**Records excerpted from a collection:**
- - - -

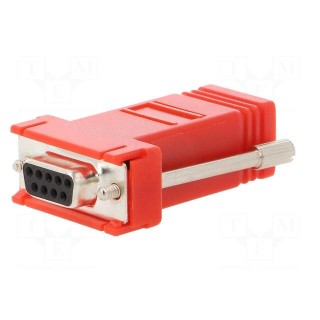 Transition: adapter | RJ45 socket,D-Sub 9pin female | red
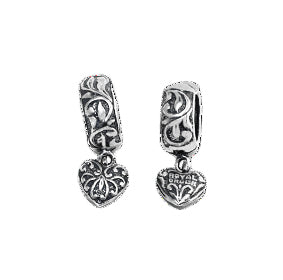 CARVED HOOP EARRINGS w/ CARVED HEART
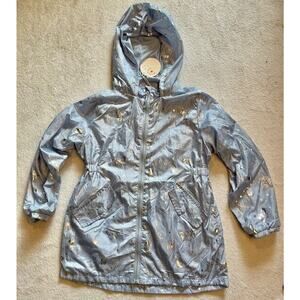 Emma & Elsa Lightweight Hoodie Jacket Blue Girls Size 14 Large NEW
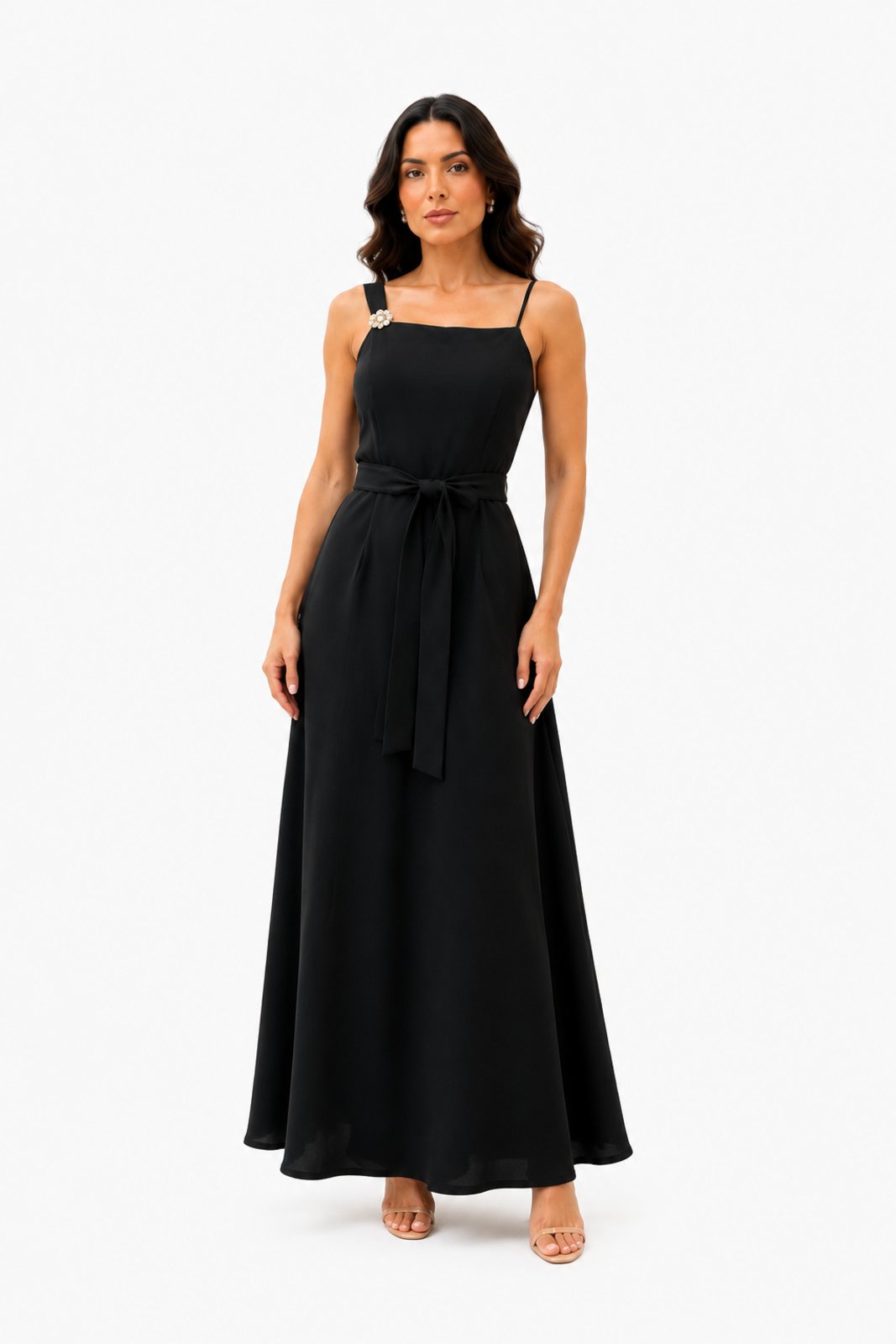 Vestido Longo D Bell Outlet Fashion Assimétrico Preto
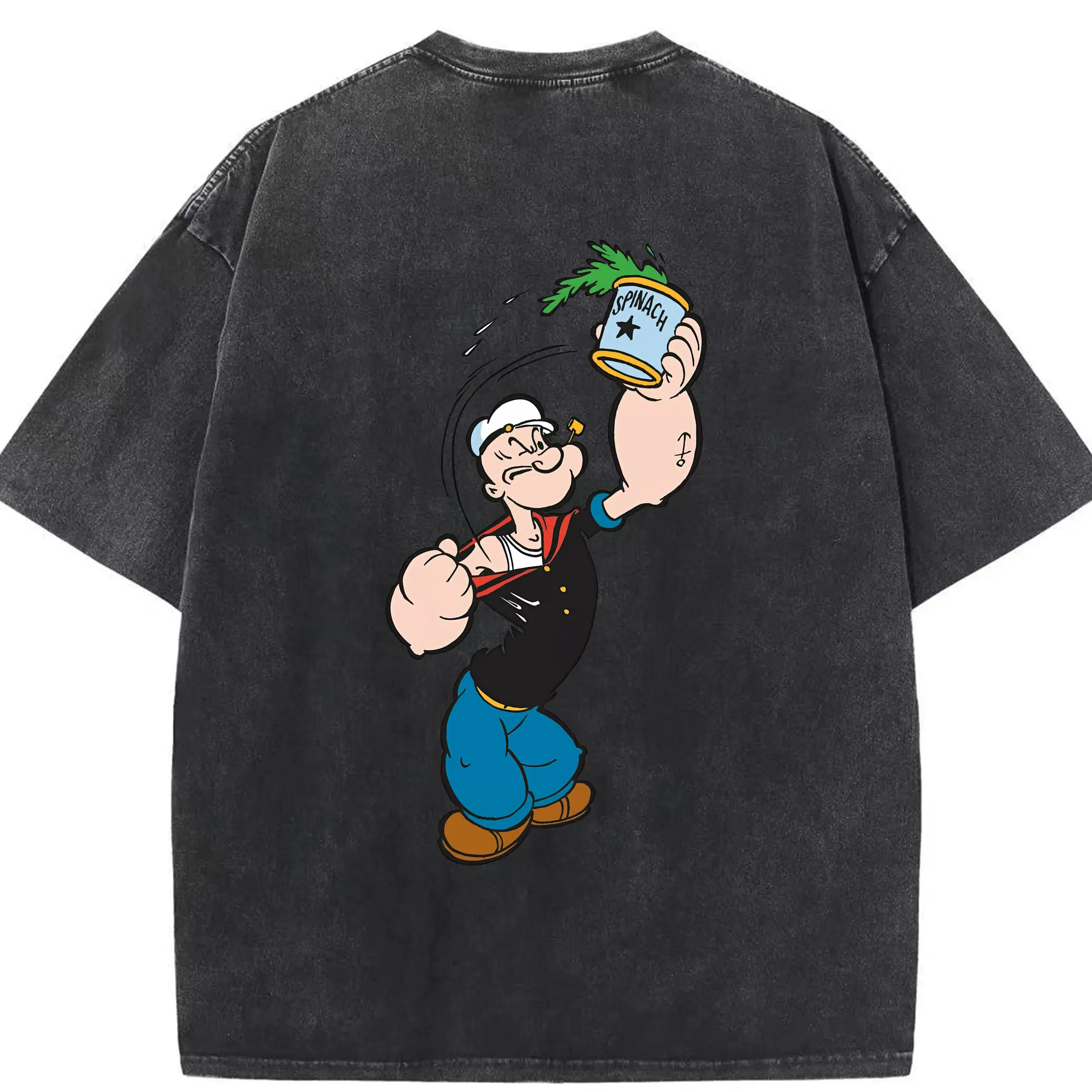 ポパイ グッズ ポパイ - 綿100％ ヴィンテージ風 半袖Tシャツ ・ 背面プリント ・ 柔らか肌触り ・ 通気性 快適 ・ スポーツ カジュアル 外出用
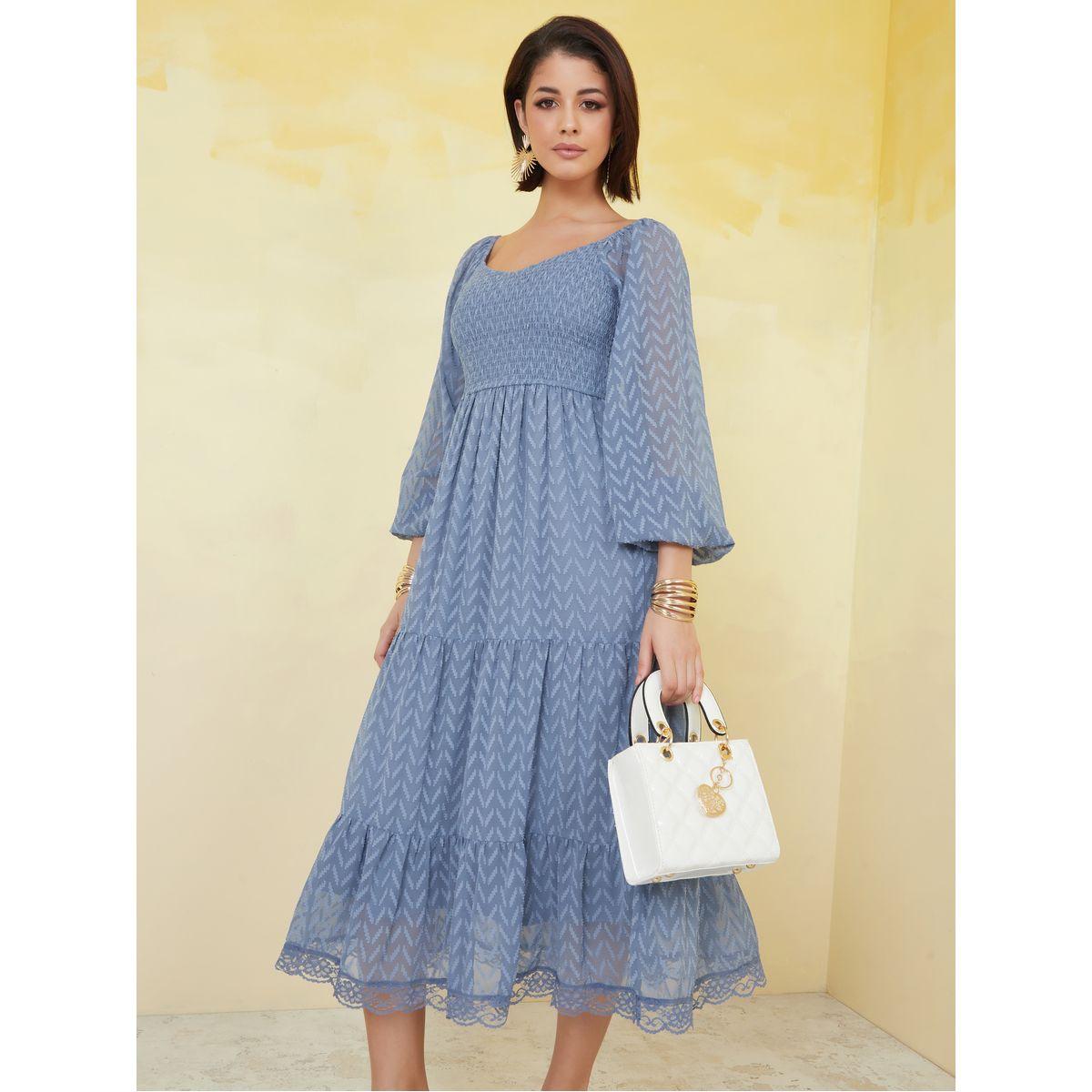 Styli Sweetheart Neck Georgette A-Line Midi Dress-women-clothing-dresses-image-2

- - - -

**Task details:**
What you give back should be exactly the lines from the top of the data above down to and including the line with "ポパイ グッズ ポパイ", minus any pictures.

**Solution:**
 Transition: adapter | RJ45 socket,D-Sub 9pin female | red
 CARVED HOOP EARRINGS w/ CARVED HEART
 Emma & Elsa Lightweight Hoodie Jacket Blue Girls Size 14 Large NEW
 Vestido Longo D Bell Outlet Fashion Assimétrico Preto
 ポパイ グッズ ポパイ - 綿100％ ヴィンテージ風 半袖Tシャツ ・ 背面プリント ・ 柔らか肌触り ・ 通気性 快適 ・ スポーツ カジュアル 外出用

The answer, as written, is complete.